The Government of Germania Magna was in the hands of Publius Quinctilius Varus, an able general, as it was to turn out, but one of the worst governors in the history of the Empire, having to put down revolts in Africa, in Syria, and after Germania Magna, in Judaea. Those other revolts never threatened the power of Rome, that in Germania Magna did.

The German leader, Arminius ambushed Varus' legions (and of course a civilian train travelling with Varus) in the Teutoberg Forest and on the 9 September 762, routed the Legions and put civilians to the sword. It is this very viciousness that was Arminius' undoing. The confusion gave Varus time to regroup and gave his troops the fire in their belly needed to avenge the deaths of their children and their women.

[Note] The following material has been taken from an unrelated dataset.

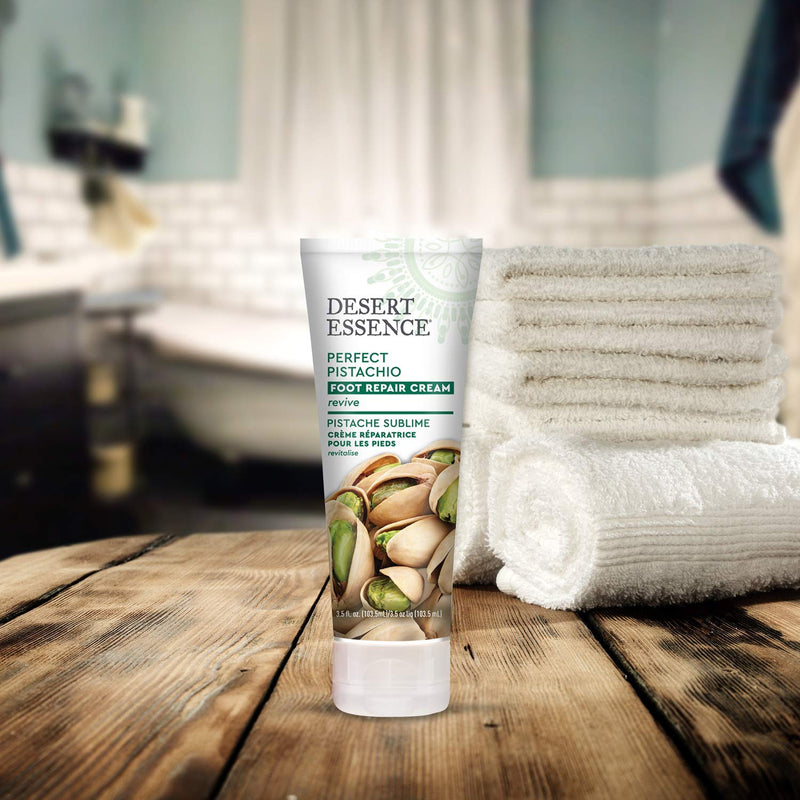 Desert Essence Pistachio Foot Repair Cream - 3.5 Fl Ounce - Restores Softness - Skin Repair & Renewal - Pistachio Nut Oil - Shea Butter - Macadamia Seed Oil - Cruelty-Free 3.5 Fl Oz (Pack of 1) - BeesActive Australia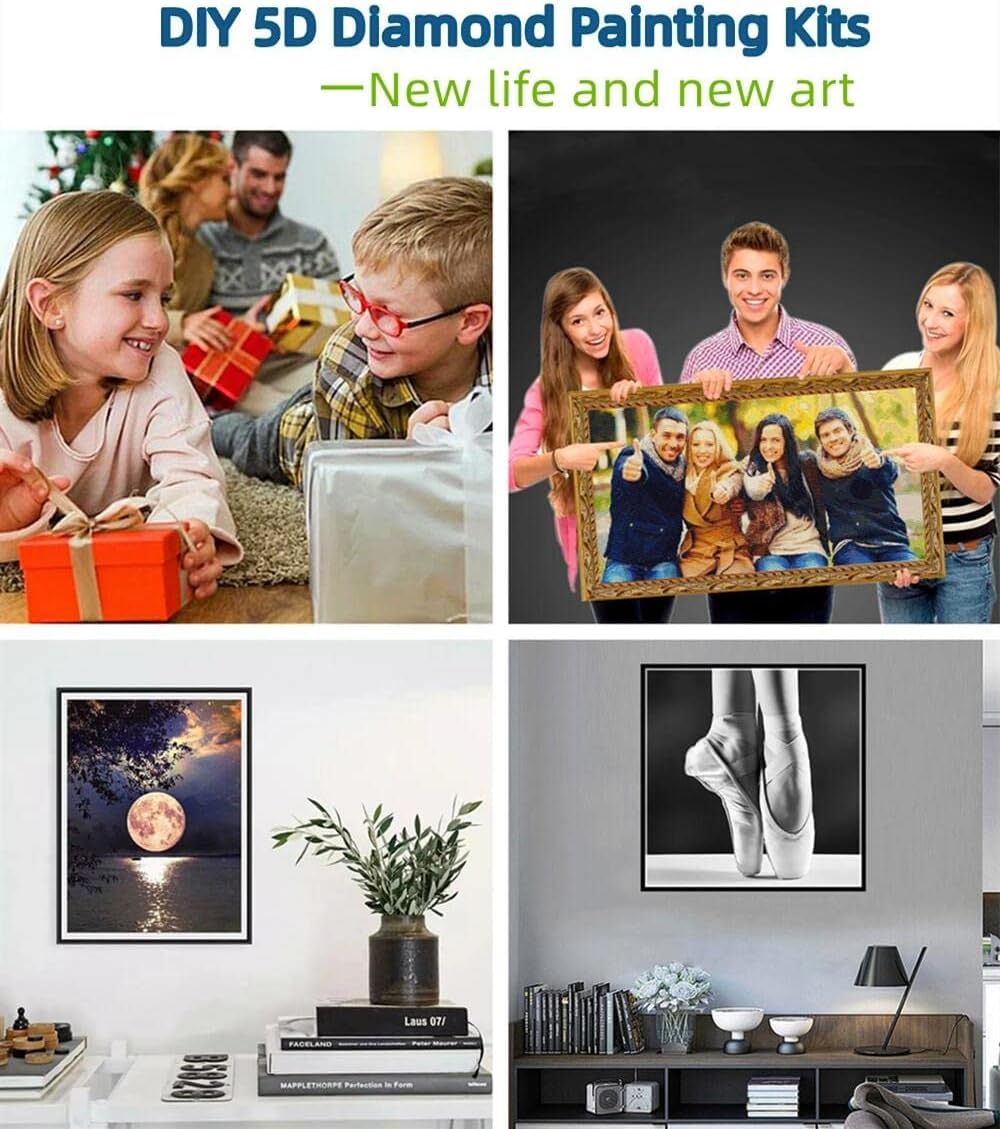 5D Diamond Art Painting Kits Beautiful Native American Woman Holding DIY Round Full Drill Diamond Paint by Diamond Number Kits for Beginners Crystal Cross Stitch Wall Decoration 30x40cm(3) WoodArtSupply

Had Arminius carried on in pursuit of the shattered Legions, he had the strength of numbers to overcome what was, until Varus rallied the troops, a scared and disorganised rabble.

With Varus' legions dead, it seems likely that Germania Magna itself would fall, pushing the frontier back to the Rhine. Now obviously the Rhine is more easily defensible than the Elbe, Oder, or Vistula, the result of the Loss of Germany was, there would be no need to take Britannia or Scandia to supply the German cities via rivers that empty into the Mare Balticum. One problem the Empire often had was an inability to see threats before they arrived. How long would it be before Rome was beset by wave after wave of invasion, not only from Germans and Slavs, but also from Britannia and Scandia, realms then beneath notice.

Arminius' failure to finish off Varus' legions on September 9 not only cost him a German Empire, but might well have saved the Roman Empire from destruction long before it came in our world. And without the Empire, could civilisation have survived the coming of the Mongols? I doubt it. Varus saved us all.